Post-Retrieval modules are responsible for processing the retrieved documents to achieve the best possible generation results.

Document Post-Processing

A component for post-processing retrieved documents based on a query, addressing challenges such as lost-in-the-middle, context length restrictions from the model, and the need to reduce noise and redundancy in the retrieved information.

For example, it could rank documents based on their relevance to the query, remove irrelevant or redundant documents, or compress the content of each document to reduce noise and redundancy.

Generation

Generation modules are responsible for generating the final response based on the user query and retrieved documents.

Query Augmentation

A component for augmenting an input query with additional data, useful to provide a large language model with the necessary context to answer the user query.

ContextualQueryAugmenter

The ContextualQueryAugmenter augments the user query with contextual data from the content of the provided documents.

QueryAugmenter queryAugmenter = ContextualQueryAugmenter.builder().build();

By default, the ContextualQueryAugmenter does not allow the retrieved context to be empty.
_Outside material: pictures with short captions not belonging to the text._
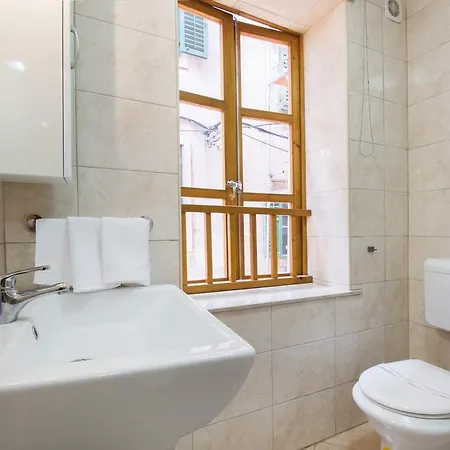Top City Center Apartments Sibenik Exterior photo
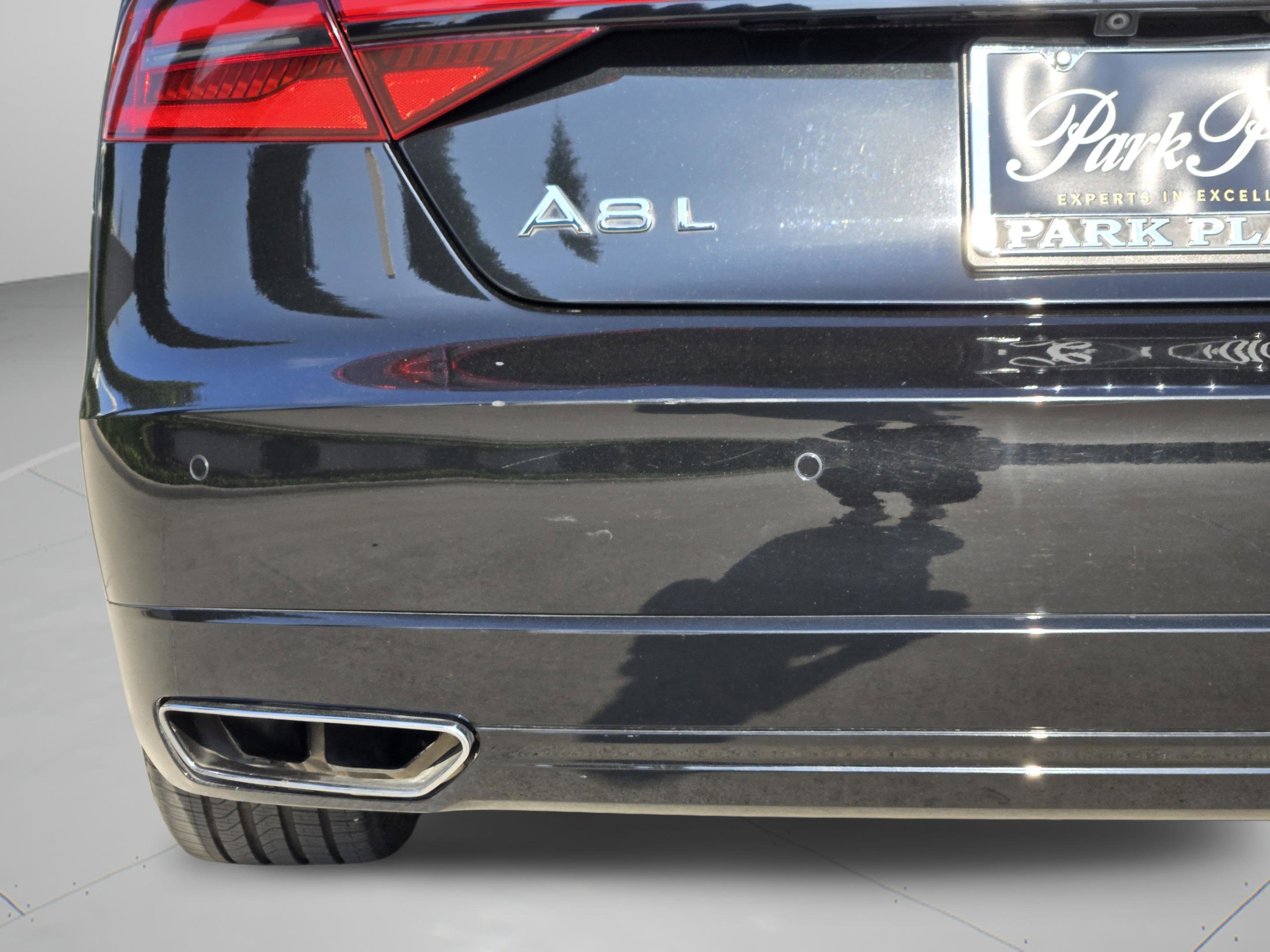 Used 2017 Audi A8 L 3.0T w/ Executive Package image 36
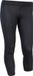 ENDURANCE Lamna Jr. Funktionstight Unisex Kinderen Zwart Polyester/Elastaan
When that happens, it instructs the model not to answer the user query.

You can enable the allowEmptyContext option to allow the model to generate a response even when the retrieved context is empty.

QueryAugmenter queryAugmenter = ContextualQueryAugmenter.builder()
        .allowEmptyContext(true)
        .build();

The prompts used by this component can be customized via the promptTemplate() and emptyContextPromptTemplate() methods available in the builder.